» ASSIGNMENT
Print exactly the first lines of the records. Stop after the line containing "Boucles d'oreilles en", and leave every picture out.
----
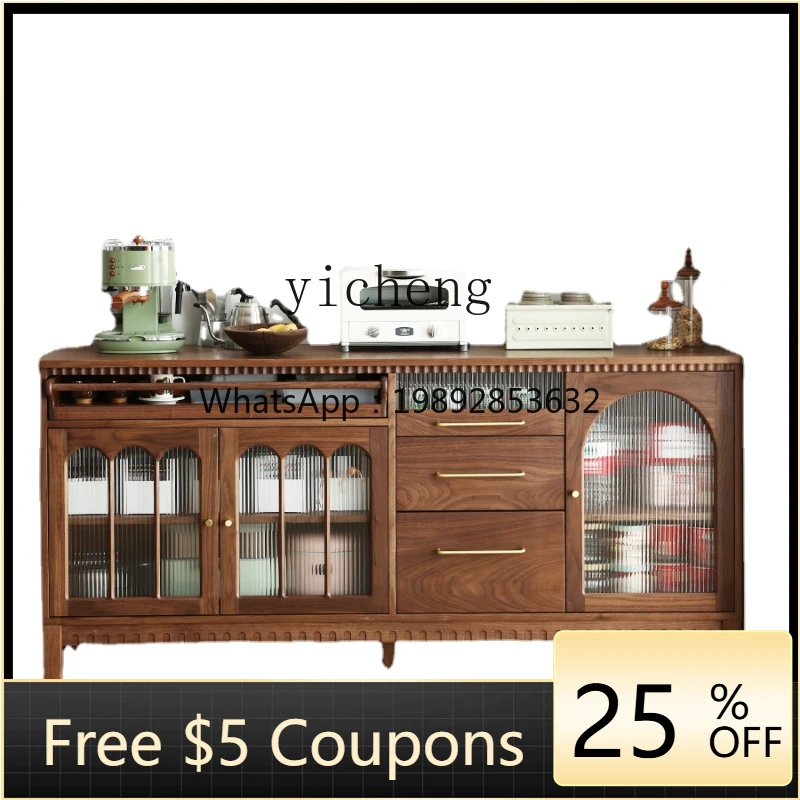

ZZk Sideboard Cabinet Retro Style Restaurant Storage Cabinet Solid Wood Nordic Wall Storage Sideboard Cabinet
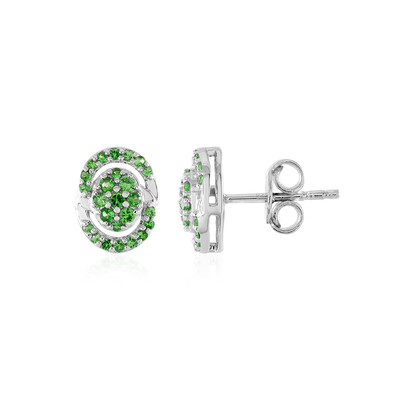 Boucles d'oreilles en argent et Grenat Tsavorite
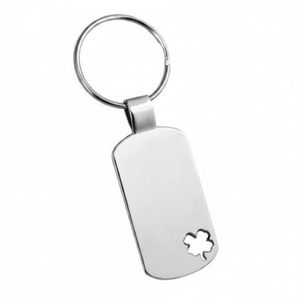 Portachiavi Personalizzabile con Logo a Quadrifoglio, Portachiavi Solare Rettangolare, Portamonete con Moschettone in Lega Metallica - Product Image 2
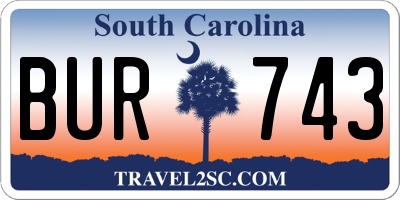 SC license plate BUR743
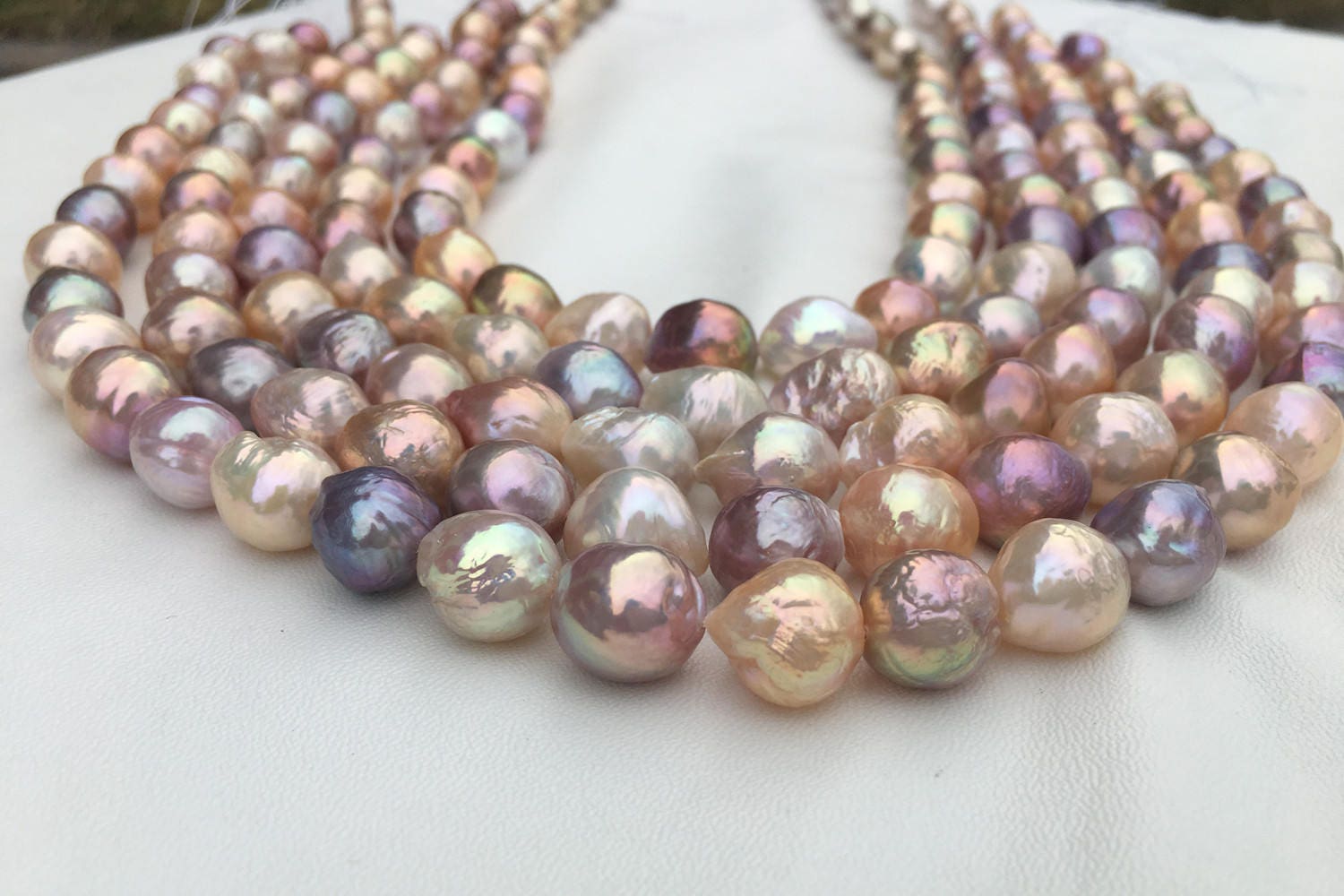 912mm Rainbow Color Large Wrinkled Edison Pearl Bead String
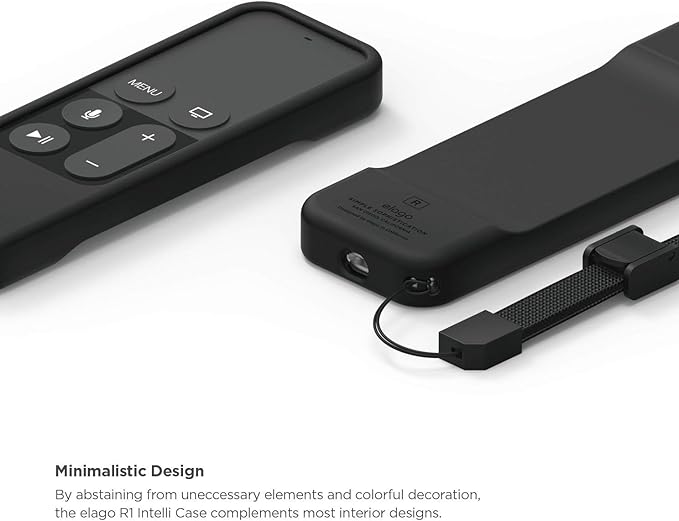 elago R1 Intelli Case [Black]-[Magnet Technology][Anti-Slip][Lanyard Included][Heavy Shock Absorption] for Apple TV Siri Remote 4K / 4th Generation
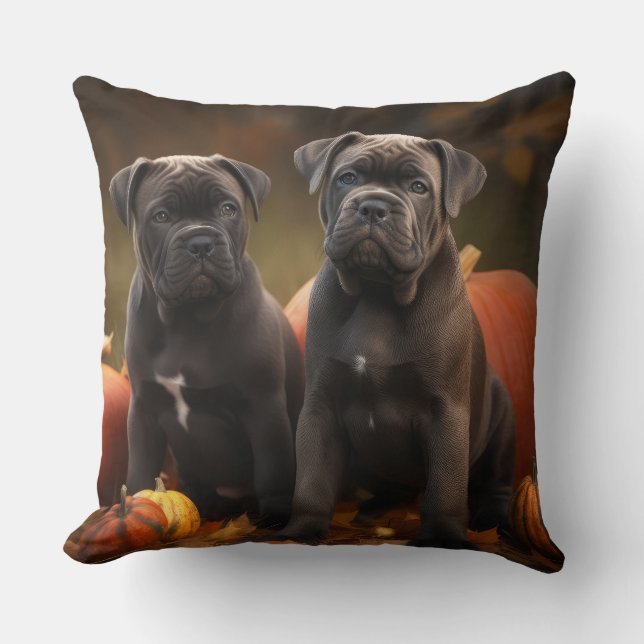 Cane Corso Puppy Herfst Delight Pompoen Kussen (Voorkant)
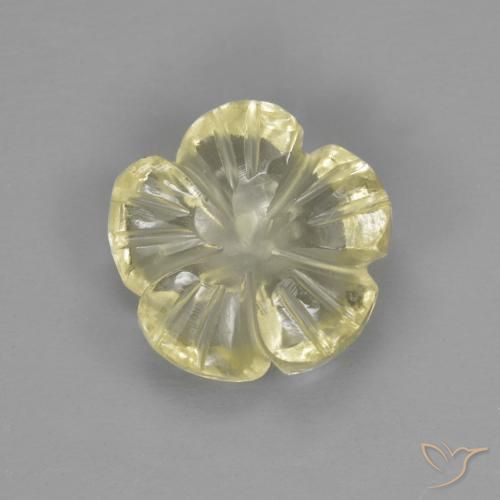 1.98ct طبيعي أصفر لاجونا فاتح كوارتز, قص وردة, شفاف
----
» TASK RESULT
ZZk Sideboard Cabinet Retro Style Restaurant Storage Cabinet Solid Wood Nordic Wall Storage Sideboard Cabinet
 Boucles d'oreilles en argent et Grenat Tsavorite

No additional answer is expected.